So, after a six-month hiatus we have returned and much has changed. Writing this as we enter a second national lockdown in the UK seems surreal but we hope that this issue finds you in a robust mood, ready to do business for your clients and able to challenge the hysteria peddled by the mainstream media as much as possible.
As Covid-19 took hold, every business changed irreversibly and Legal Business was no exception. Over the Spring and Summer months, a number of highly respected and much-loved colleagues moved on, including editor-in-chief since 2013 Alex Novarese, who has embarked upon the next stage of his career. I would like to personally thank Alex not only for his outstanding achievements with this title over the past seven plus years but also for being an amazing mentor and friend.
However, we are back, ready to face the challenges ahead with the excellent support of all our colleagues across The Legal 500, the GC Powerlist series and throughout Legalease. As our LB100 report shows, with gross revenues climbing nicely, many firms throughout the UK are showing remarkable resilience amid a global pandemic and are taking a sensible approach to profit distributions and staffing while avoiding knee-jerk reactions in what promises to be an even tougher 2020/21. As Travers Smith’s senior partner Kathleen Russ says: ‘We are determined to see this as a long-term issue and are not taking short-term measures or cutting costs.’
And that theme of doing the right thing is pervasive – especially in these most testing of times. Typically we have a reception every year to mark the launch of the GC Powerlist UK at the Legal Business Awards in March but of course this could not happen. Instead, we hosted four webinars with headline sponsor Pinsent Masons throughout October that featured leading in-house advisers from this year’s report, The Change Agenda.

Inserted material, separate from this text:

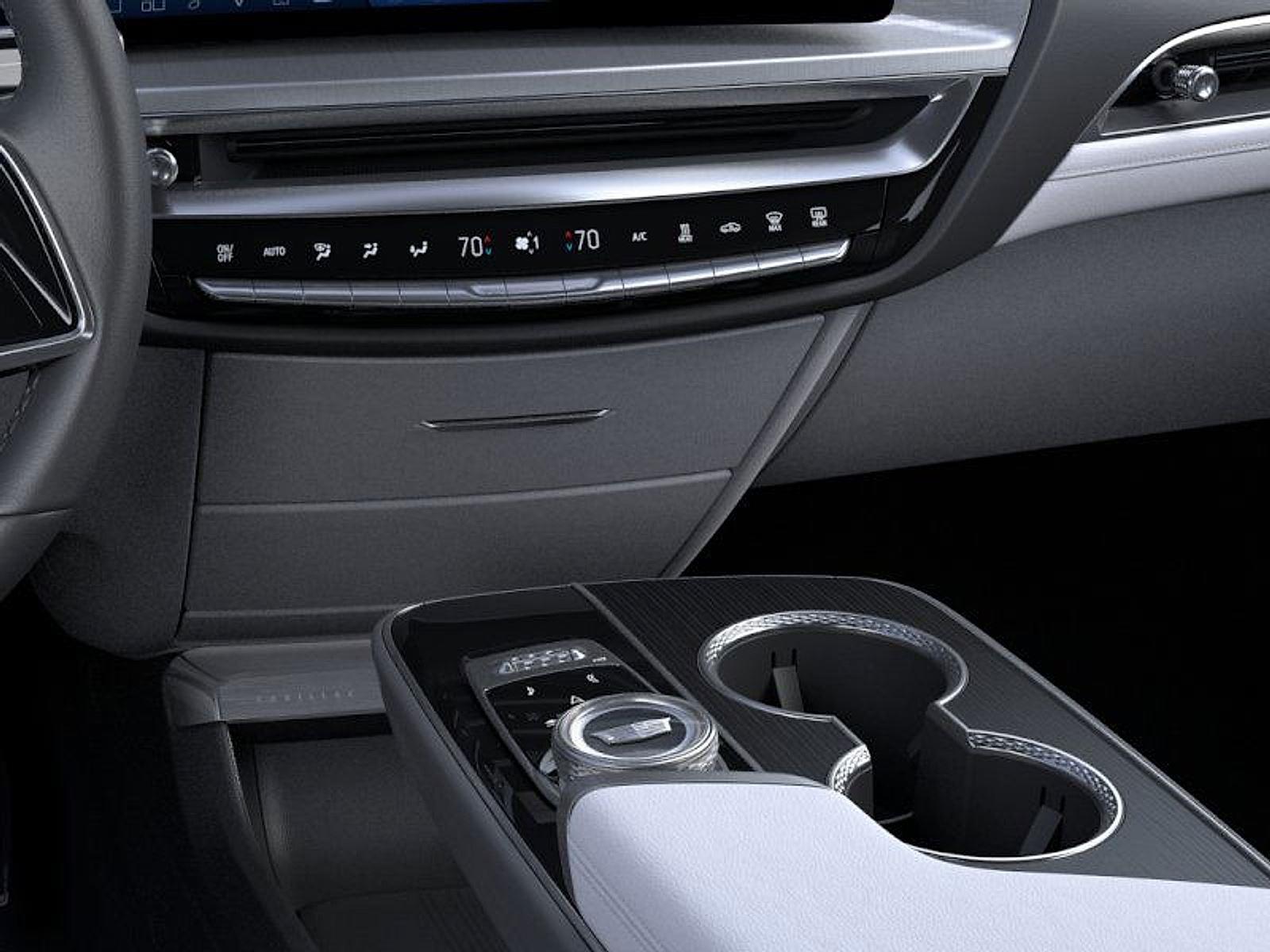2026 Cadillac Lyriq Luxury photo 22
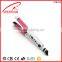tourmaline ceramic hair curler lcd screen pocket hair straightener hair straightener wide plate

What emerged from those discussions is just how focused general counsel are even now on doing the right thing – at a time when you might expect attention to be purely on keeping the lights switched on for many businesses. GCs and company secretaries are reminding their boards of the importance of sustainability, good corporate governance, and ethics in everything they do and making sure that they walk the walk on these issues, while setting the highest standards themselves as an example to their businesses and their external advisers. Reaction from German GCs to Freshfields Bruckhaus Deringer’s involvement in the cum-ex tax scandal in our report is further evidence of this.
Whatever happens over the next 12 months, business is never returning to the way it used to be done. Change is top of the agenda and the profession has the opportunity to reset for the greater good of all concerned.